Marketing Technology » Personal Combining marketing and technology to develop new markets and grow existing ones Tue, 11 Jan 2011 16:47:54 +0000 en hourly 1 Augmented reality: the next killer marketing technology Fri, 10 Jul 2009 14:10:05 +0000 admin Since becoming the proud owner of an iPhone 3GS I’ve annoyed family, friends and colleagues silly be flashing it around and telling them which direction North is. I’ve also been marveling at the ecosystem of third party applications available (which, apparently, would cost over $140,000 if you bought them all).

But the apps – as these programs are called – that currently exist only just scratch the surface of what is going to be possible now that the iPhone knows where it is and even which direction it is pointing.

Welcome to the world of augmented reality.

Whilst at the time of writing there are no true augmented reality applications available, there are a number in the pipeline – and their developers have not been slow to post videos showing what they can do online.

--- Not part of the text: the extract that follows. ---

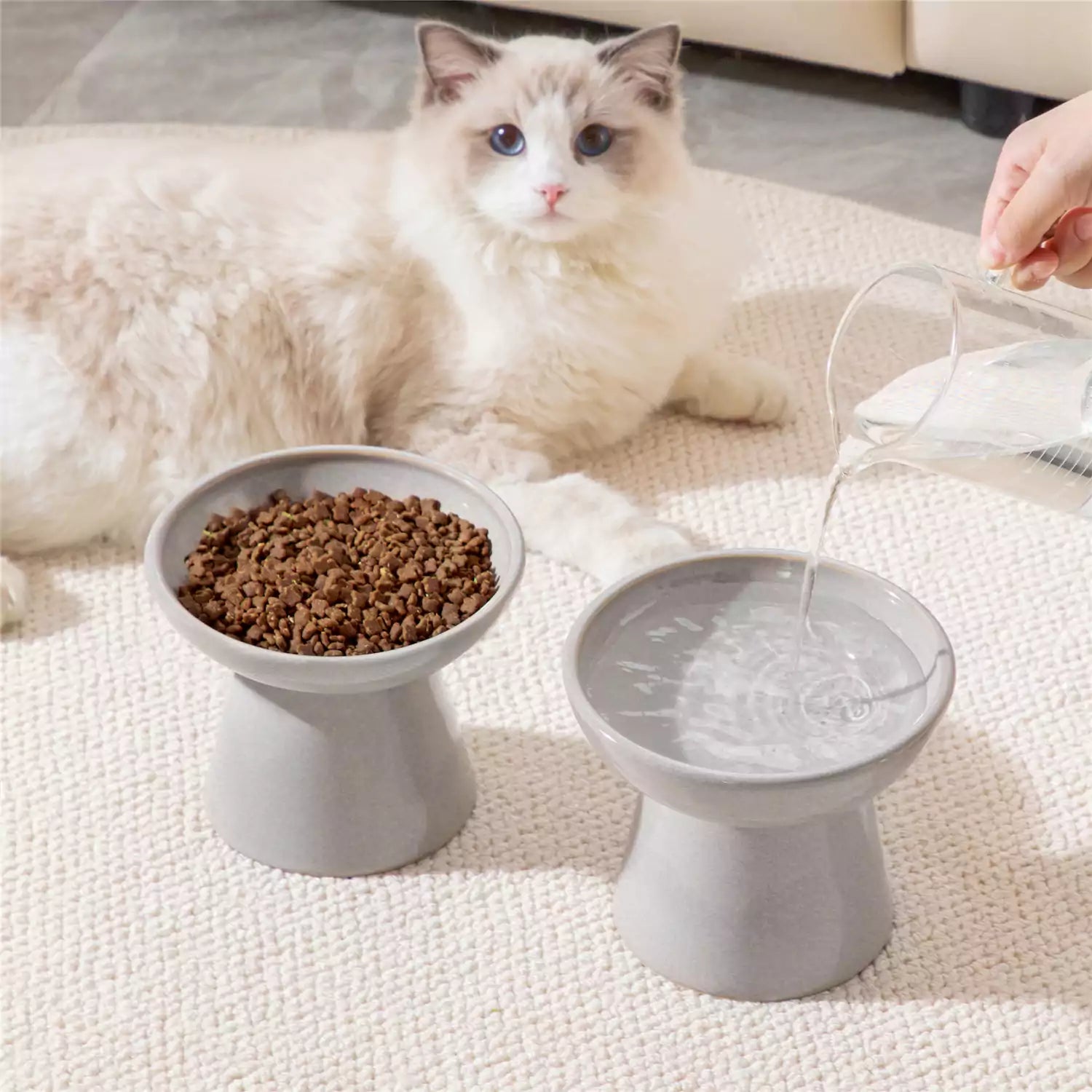 Elevated Cat Bowl Set With Stoneware Shallow Water Bowl And Deep Food Bowl - Designed For Comfortable And Mess-Free Feeding - Grey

The first I came across is Nearest Tube, and app that will quite literally point you in the direction of the closest London Underground station when you hold up the iPhone. Watch the video below to see it in action.

Today I discover TwittARound (geddit), or at least a video of the first beta version. In the words of the developer, “it shows live tweets around your location on the horizon. Because of video see-through effect you see where the tweet comes from and how far it is away.” Again, seeing is believing:

So why I am suggesting that augmented reality is the next killer marketing technology? Quite simply because as these apps show, the physical and virtual worlds have just moved closer together as a result of devices like the iPhone 3GS and the ingenuity and creativity of application developers.

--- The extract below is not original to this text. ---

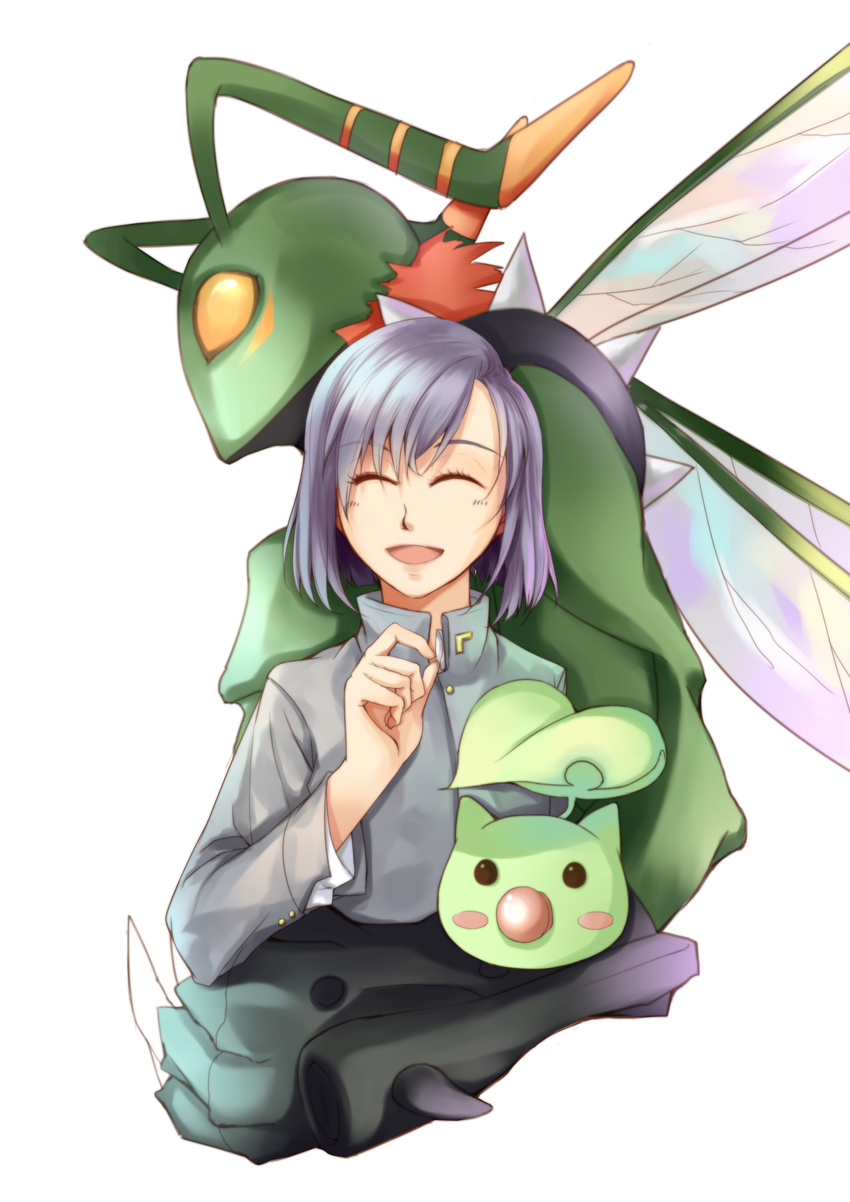 absurdres antennae black_hair blush_stickers claws closed_eyes digimon digimon_adventure_02 dual_persona highres ichijouji_ken insect_wings leaf leafmon long_sleeves orange_hair renge98 smile spikes stingmon wings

How long then before we have augmented reality apps that do things like:

  • Show messages left by others at the same location (in fact, there are map-based apps that already do this)
  • Display internet ratings or reviews (or alternatives) for products in shops
  • Call up news/opinion about a company when you pass by their premises
  • Provide interactivity to any outdoor ad by pointing the mobile device at it
  • Help you find the nearest outlet for a particular brand (in fact, ING Direct already did this on Google’s Android platform with their ATM Finder)

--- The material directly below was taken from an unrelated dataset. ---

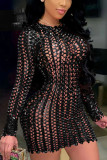 Color Blue Sexy Solid Hollowed Out Patchwork O Neck Pencil Skirt Dresses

To paraphrase the ad, there’s bound to be an app for that soon.

I for one am going to be watching this space with interest over the coming months. If you have examples of companies using AR as part of their marketing or communications, please let me know.

Update: Just discovered that Apple has already filed a patent for something called ID App for identifying objects in the user’s surroundings. Mashable has more on this.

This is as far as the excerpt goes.